Ahim is right--quite contrary to his custom--when he says that I am plagued by dreams during my afternoon rest. Even if I do not sleep, as soon as I close my eyes the memories come thick and fast. But I rarely picture Java. The images that flood my memory are never of the people I encounter daily, nor of animals, nor even of the dense greenery that has been the setting of so much of my life. Judging by my memory, fifty years in the Indies have gone by in a flash, whereas a falcon hunt at Het Loo palace back in Holland has lasted forever. The archives of the mind are wanting in indexes--save for a few catchwords maybe. But perhaps these are all that is needed.

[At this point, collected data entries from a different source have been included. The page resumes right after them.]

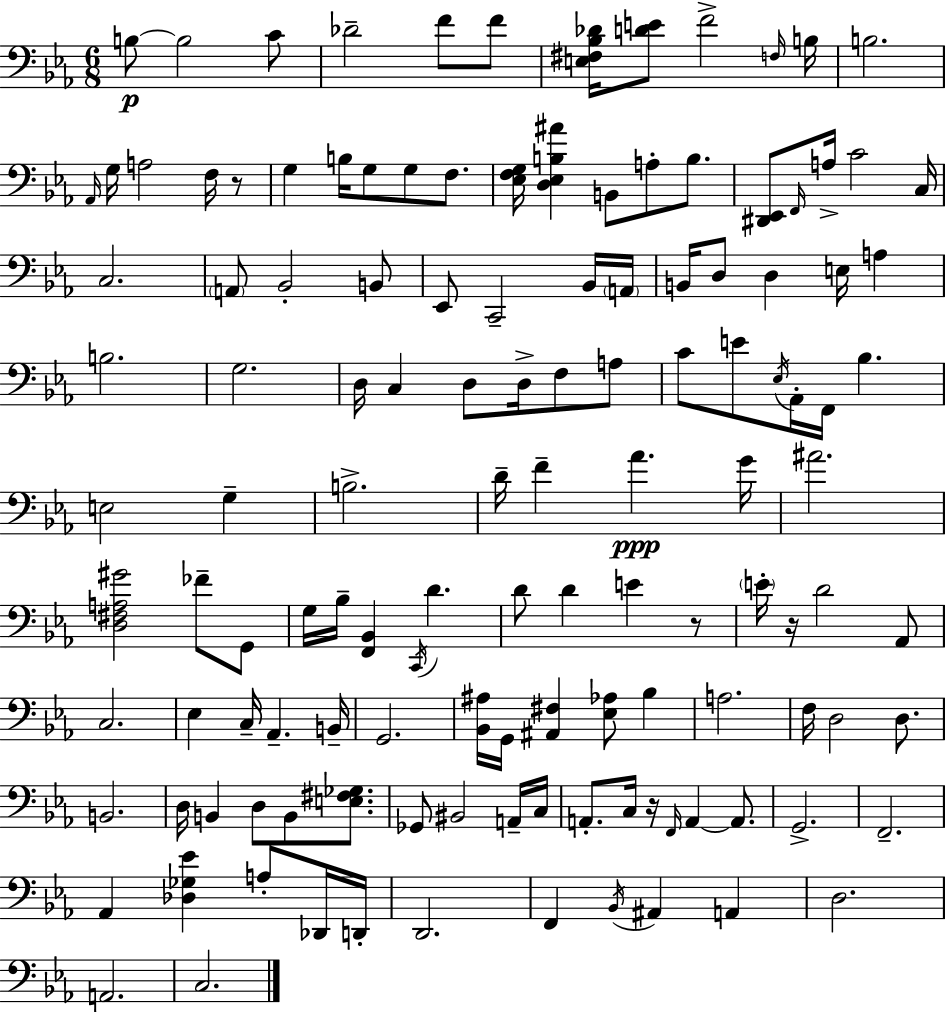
{
  \clef bass
  \numericTimeSignature
  \time 6/8
  \key c \minor
  \repeat volta 2 { b8~~\p b2 c'8 | des'2-- f'8 f'8 | <e fis bes des'>16 <d' e'>8 f'2-> \grace { f16 } | b16 b2. | \break \grace { aes,16 } g16 a2 f16 | r8 g4 b16 g8 g8 f8. | <ees f g>16 <d ees b ais'>4 b,8 a8-. b8. | <dis, ees,>8 \grace { f,16 } a16-> c'2 | \break c16 c2. | \parenthesize a,8 bes,2-. | b,8 ees,8 c,2-- | bes,16 \parenthesize a,16 b,16 d8 d4 e16 a4 | \break b2. | g2. | d16 c4 d8 d16-> f8 | a8 c'8 e'8 \acciaccatura { ees16 } aes,16-. f,16 bes4. | \break e2 | g4-- b2.-> | d'16-- f'4-- aes'4.\ppp | g'16 ais'2. | \break <d fis a gis'>2 | fes'8-- g,8 g16 bes16-- <f, bes,>4 \acciaccatura { c,16 } d'4. | d'8 d'4 e'4 | r8 \parenthesize e'16-. r16 d'2 | \break aes,8 c2. | ees4 c16-- aes,4.-- | b,16-- g,2. | <bes, ais>16 g,16 <ais, fis>4 <ees aes>8 | \break bes4 a2. | f16 d2 | d8. b,2. | d16 b,4 d8 | \break b,8 <e fis ges>8. ges,8 bis,2 | a,16-- c16 a,8.-. c16 r16 \grace { f,16 } a,4~~ | a,8. g,2.-> | f,2.-- | \break aes,4 <des ges ees'>4 | a8-. des,16 d,16-. d,2. | f,4 \acciaccatura { bes,16 } ais,4 | a,4 d2. | \break a,2. | c2. | } \bar "|."
}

Sometimes I imagine that God is interested only in the broad sweep. We leave our marks on the white canvas and we cannot make head or tail of the result. But He, a creative artist if ever there was one, takes a few steps back and sees what the smudges represent. If He manages to recognize me in the cautious daubings I have left behind, that is the best possible proof of His existence. I have always held that, for people like me, it is best to make one's mark in the margins of existence, inconspicuously. But in retrospect I am struck by how much of the last fifty years is a blank. Is that cause for celebration?
21 February
All this talk of anniversaries reminds me that it will be fifty years tomorrow since my cousin died. I think it was then that I lost the ability to be at one with my actions. If it is true to say, as I believe it is, that the merit of love is that it lends distinction to whosoever is loved--the one serving as a foil to the other--then we loved one another. I became distinct by virtue of the contrast between us.

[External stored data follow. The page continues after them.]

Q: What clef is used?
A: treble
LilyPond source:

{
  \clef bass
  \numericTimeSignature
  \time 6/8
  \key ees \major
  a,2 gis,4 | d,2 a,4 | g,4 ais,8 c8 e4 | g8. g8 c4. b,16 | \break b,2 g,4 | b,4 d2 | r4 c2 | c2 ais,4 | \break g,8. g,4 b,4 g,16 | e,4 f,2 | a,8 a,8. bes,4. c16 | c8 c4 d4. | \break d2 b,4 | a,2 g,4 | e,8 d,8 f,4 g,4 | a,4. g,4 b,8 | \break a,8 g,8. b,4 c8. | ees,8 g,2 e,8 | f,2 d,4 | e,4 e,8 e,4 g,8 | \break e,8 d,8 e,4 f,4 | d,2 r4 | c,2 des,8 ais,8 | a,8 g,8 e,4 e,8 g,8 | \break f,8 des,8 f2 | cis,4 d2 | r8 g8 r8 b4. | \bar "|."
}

I know it is late. A man does not reach the stage of full recollection until his dying days. The year of my birth is supposedly 1827. I still live well, although my health is failing rapidly. The first debility is insomnia, which is hardly surprising as I have never been a sound sleeper. The nocturnal hour, when a man must part with consciousness, has always filled me with anguish. Simply closing my eyes gives free access to the demons and the dead, which clash with my strong desire to comprehend and control all that surrounds me.
Nowadays the shades of the past have access day and night. A good night's sleep might give me some temporary relief. But I have turned necessity into virtue, and have learned to love all my visitors. I catch myself looking forward to this or that person returning to me in my reveries. The pleasure it gives me to dwell on the past is nothing but a symptom of my old age. Daring to admit that you long to return--there is no more to dying than that.

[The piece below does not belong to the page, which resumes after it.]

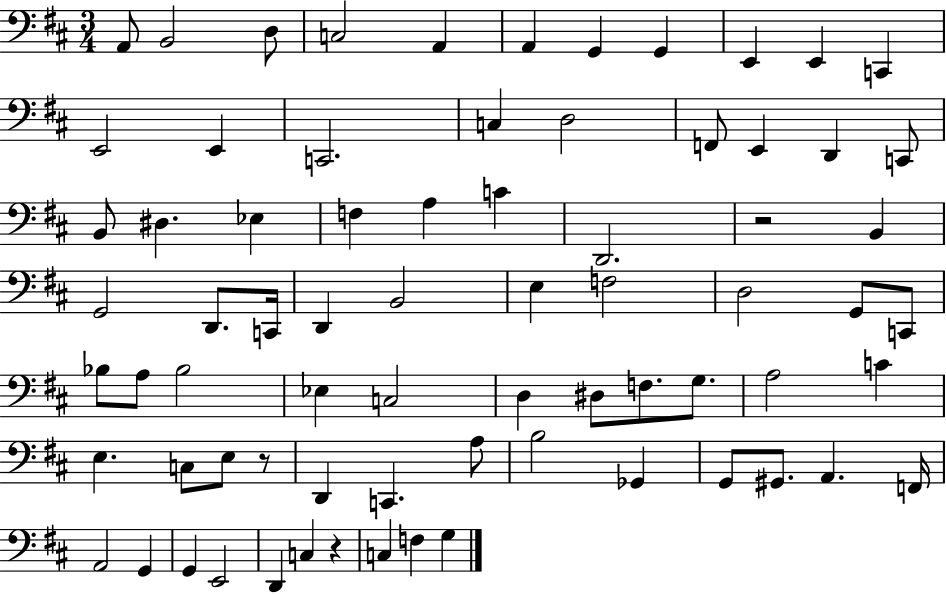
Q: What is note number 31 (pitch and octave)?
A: C2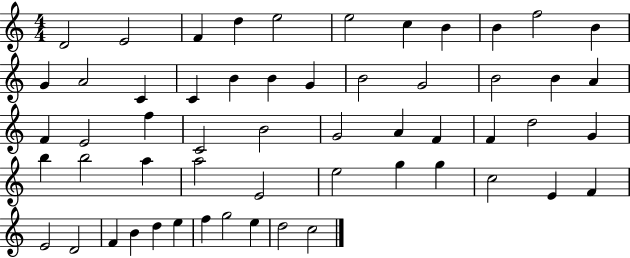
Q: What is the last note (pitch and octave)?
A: C5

Taking leave of this life is one thing, taking leave of this century quite another. Little cause for celebration there.
All the commotion makes me nervous.
In September 1847 Kwame and I spent two days together, secluded in my student digs at Delft. It was fine weather on that Saturday and Sunday before Kwame's embarkation and before I too made up my mind to leave Holland. We wanted to be alone with our thoughts. On the evening of the Friday I decided to absent myself from professor Oudshoorn's lecture the next Monday, as this would give me two full days in which to devote myself with all my heart to Kwame, my beloved cousin, my blood brother, the man once designated to be my king. Having the extra day meant that we could postpone our grief at parting until after the weekend.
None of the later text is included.